╔══
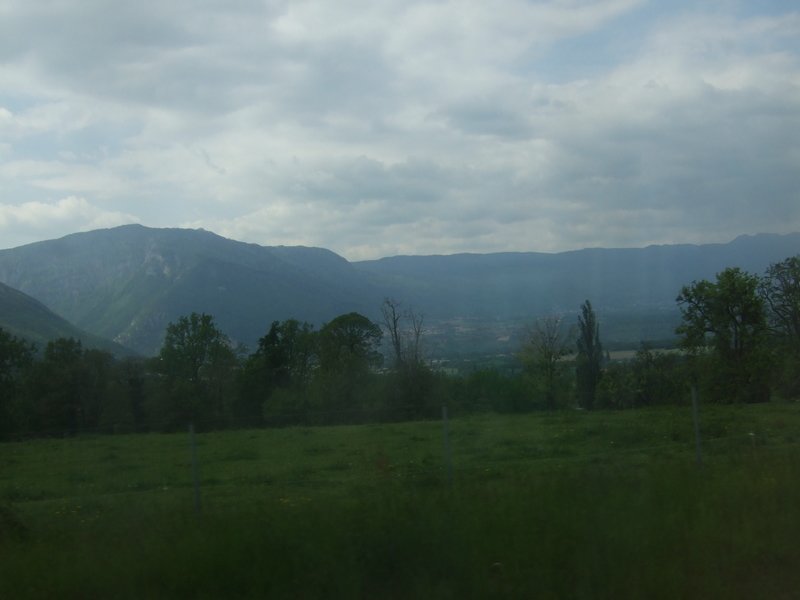 francja094.jpg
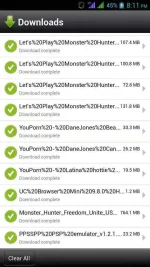 13701244_1649993801989398_531861557645525072_o.webp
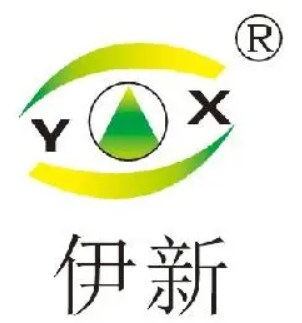 伊新環保加盟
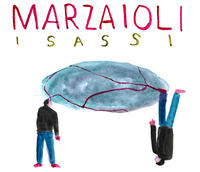 9788898960545 - I sassi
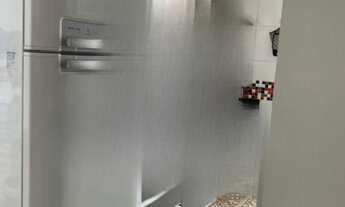 Imagem 4: Apartamento à venda em Santana com 81 m², 3 quartos, 1 suíte, 2 vagas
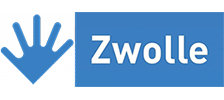 logo - gemeente zwolle - 01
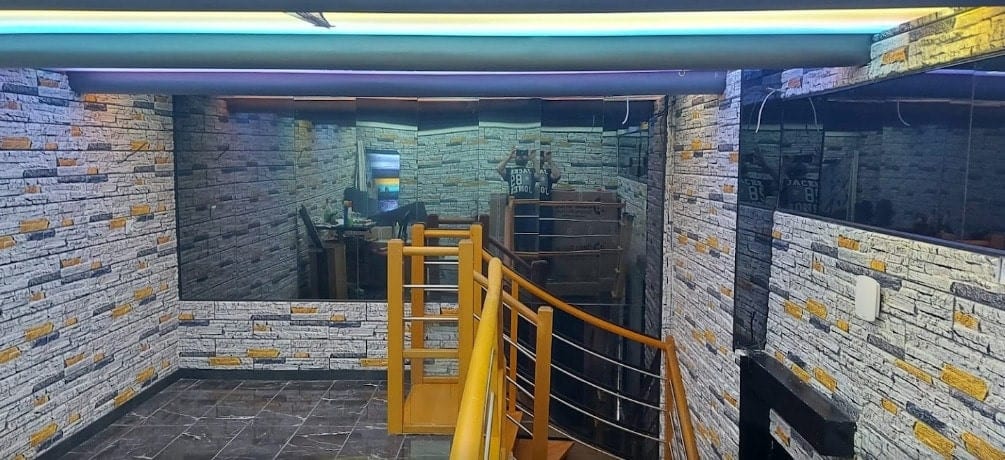 Resto Kebap — photo 3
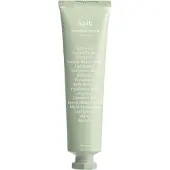 Abib Heartleaf Crème Calming Tube - 75 ml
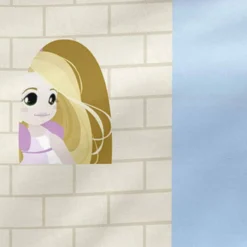 Long Braid Tour De Lit 210x40 Cm -Promos Sommeil Zen Boutique 00c435f259194958a7127a6bc393b52d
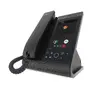 AudioCodes C470HD IP Phone Photo 15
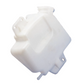 Coolant Expansion Overflow Bottle for Mitsubishi Fuso Canter FE FG 95-05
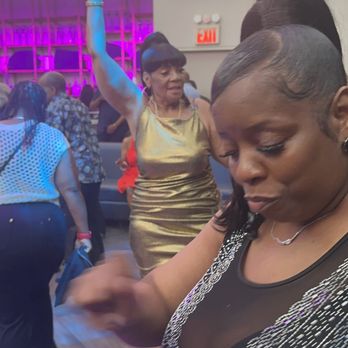 The INKwell - Dance Clubs Near Me - New York, New York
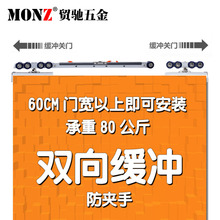 �Q�Y�����T��݆�N���������P�ľ�T���T�p�򾏛_�����݆�T��܉��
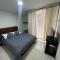 Hotel Playa Blanca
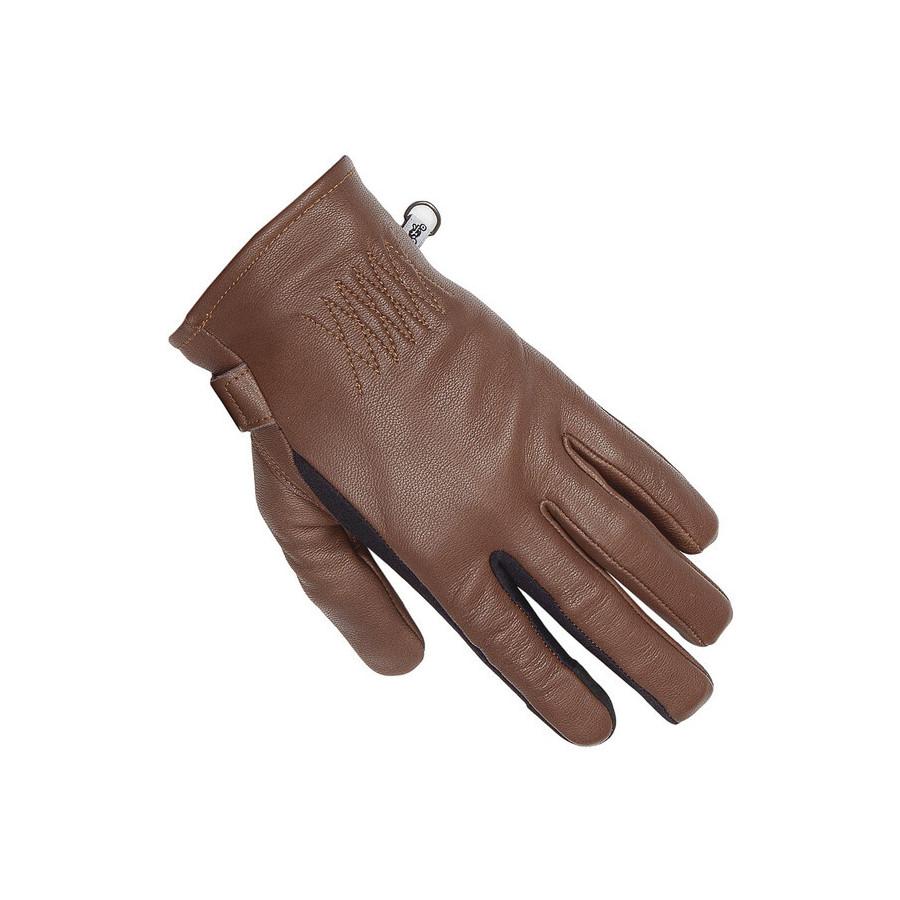 GANTS CANDY ETE CUIR - HELSTONS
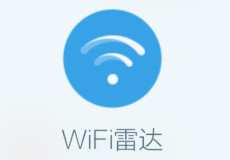 �ٶ��ֻ���ʿWiFi�״�������-��׿��Ѷ�� title=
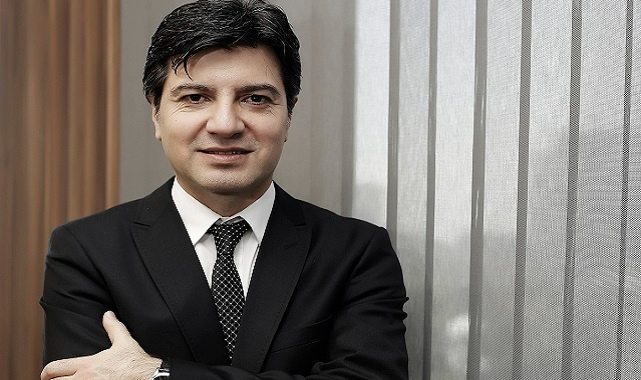 BEDAŞ - Yılbaşında kesintisiz enerji için 540 personeli görev başında olacak!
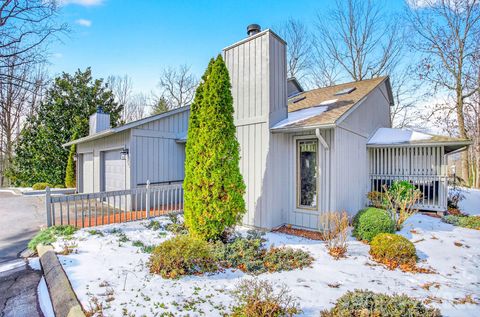 703 Independence Trail Morganton NC 28655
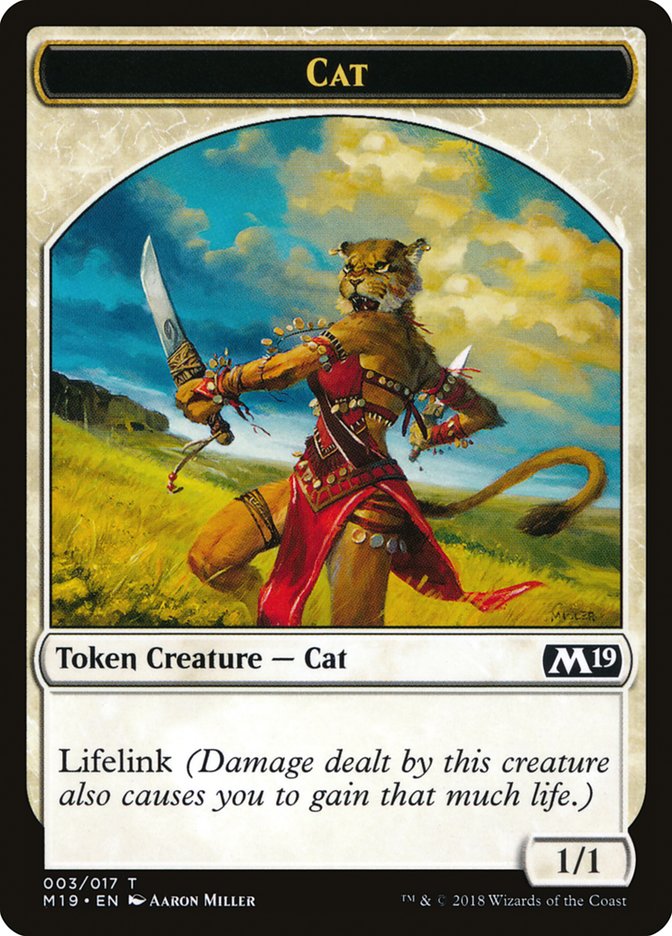 image Cat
╚══
PROBLEM DETAILS> For this exercise, return the data above exactly and leave every picture out.

EXERCISE ANSWER>
 francja094.jpg
 13701244_1649993801989398_531861557645525072_o.webp
 伊新環保加盟
 9788898960545 - I sassi
 Imagem 4: Apartamento à venda em Santana com 81 m², 3 quartos, 1 suíte, 2 vagas
 logo - gemeente zwolle - 01
 Resto Kebap — photo 3
 Abib Heartleaf Crème Calming Tube - 75 ml
 Long Braid Tour De Lit 210x40 Cm -Promos Sommeil Zen Boutique 00c435f259194958a7127a6bc393b52d
 AudioCodes C470HD IP Phone Photo 15
 Coolant Expansion Overflow Bottle for Mitsubishi Fuso Canter FE FG 95-05
 The INKwell - Dance Clubs Near Me - New York, New York
 �Q�Y�����T��݆�N���������P�ľ�T���T�p�򾏛_�����݆�T��܉��
 Hotel Playa Blanca
 GANTS CANDY ETE CUIR - HELSTONS
 �ٶ��ֻ���ʿWiFi�״�������-��׿��Ѷ�� title=
 BEDAŞ - Yılbaşında kesintisiz enerji için 540 personeli görev başında olacak!
 703 Independence Trail Morganton NC 28655
 image Cat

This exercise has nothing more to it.